Mike Chanfreut - 29.01.2009

Un jeune artiste nyonnais
joue avec le feu
Mike Chanfreut dévoile sa démarche artistique à base d'essence sans plomb, de vin et de pigments de peinture. Un résultat détonnant.
On pourrait s'attendre à ce que les œuvres de Mike Chanfreut soient morbides, puisque son travail naît de la calcination. Pas du tout, l'artiste nyonnais donne naissance à des œuvres vivantes. Il résume sa démarche: il s'agit de brûler pour reconstruire.
Lors de la hausse du prix du pétrole, j'ai été très touché par la panique générale, raconte-t-il. J'ai souhaité utiliser l'essence comme pinceau. C'est une manière de mettre en valeur l'or noir et de donner un reflet de ce que nous sommes. Mike Chanfreut enflamme donc des planches de bois imbibées d'essence, où il mélange ensuite vin, pigments et vernis. Il en résulte, à l'intérieur de cadres dont les bords sont parfois écorchés à la hache, une indéfinissable matière réflective.
Une œuvre collective
Le reflet, justement, tient une place centrale dans sa nouvelle série exposée à la Galerie d'art Junod, jusqu'au 8 mars, sous le titre La passion du feu.
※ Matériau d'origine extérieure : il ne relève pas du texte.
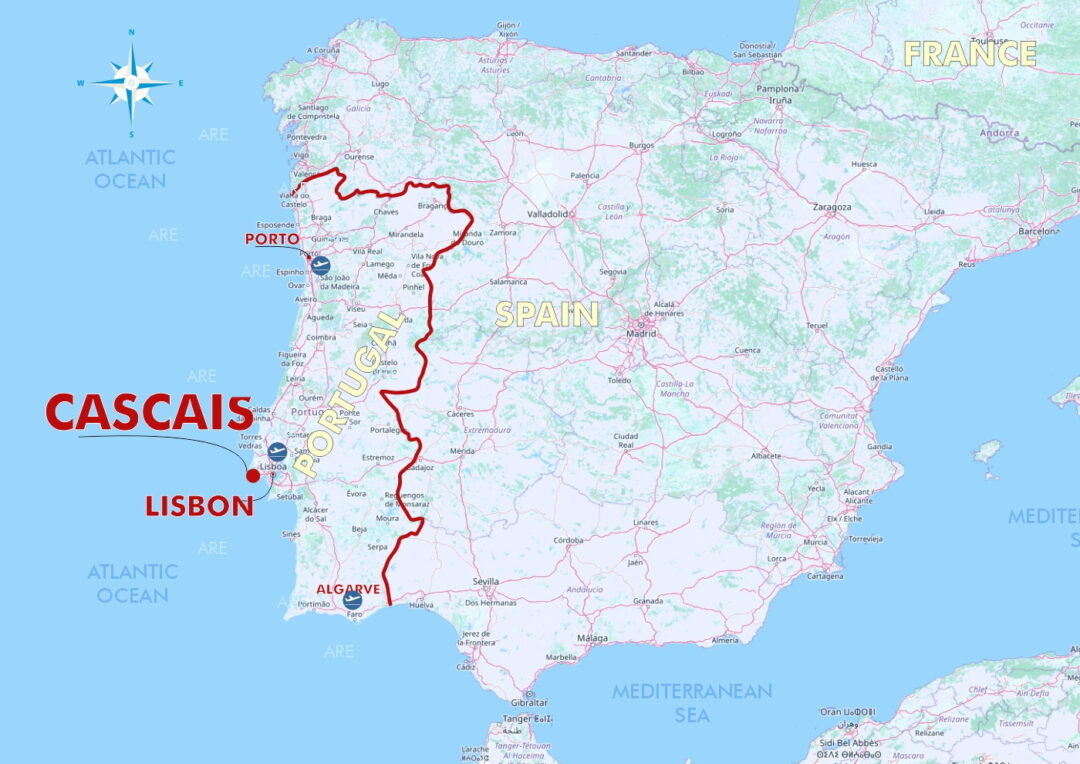 Map of the Iberian peninsula with the location of Cascais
Lors du récent vernissage, Mike Chanfreut a réalisé une démonstration.
Dans l'étroite cour intérieure de la galerie, les flammes ont provoqué un silence serein au sein d'une petite assemblée subjuguée. C'est que les flammes semblent courir sur la planche que l'artiste imprègne tour à tour d'essence, de vin, de pigments rouges et de vernis. Des flammes bleues naissent: il les appelle des impulsions électriques. Certains des spectateurs ont accepté l'invitation de l'artiste à jeter le contenu de leur verre de vin sur l'œuvre.
Cette pièce, conçue en collectivité, rejoindra le reste de l'exposition dans deux semaines. Mike Chanfreut parle de hasard maîtrisé. L'essence révèle des formes que je décide d'accepter ou pas. Dans le processus de création, l'aléatoire tient une grande place. Ses peintures s'appellent Degré 3.1, Big Bang ou Chemin de vie au départ d'un coin de mer. Mike Chanfreut prévoit de donner pour nom à ses prochaines créations des poèmes entiers. Une manière de lier les nombreux arts qu'il pratique, que ce soit la photographie, l'écriture ou la vidéo.
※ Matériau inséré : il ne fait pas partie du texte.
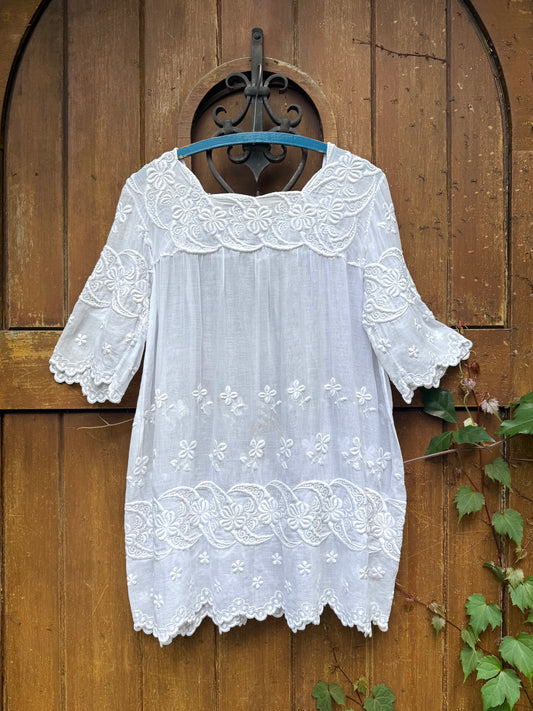 Victorian Cotton Embroidered Mini Dress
L'artiste considère que ses œuvres sont libres de sens. La matière obtenue à partir du mélange vin-essence-vernis-pigments forme des dégoulinades. Le propriétaire du tableau doit ou peut retourner régulièrement la planche carrée, afin de couper court aux coulures. C'est une manière de représenter l'évolution de la vie qui ne s'arrête jamais, explique le peintre. La signification du résultat final, différent selon l'éclairage, est laissée à l'analyse personnelle. Je recherche ainsi l'interactivité avec les spectateurs, précise-t-il. Entre sensualité, écorchures et brûlures, mes œuvres sont doubles, poétise l'artiste.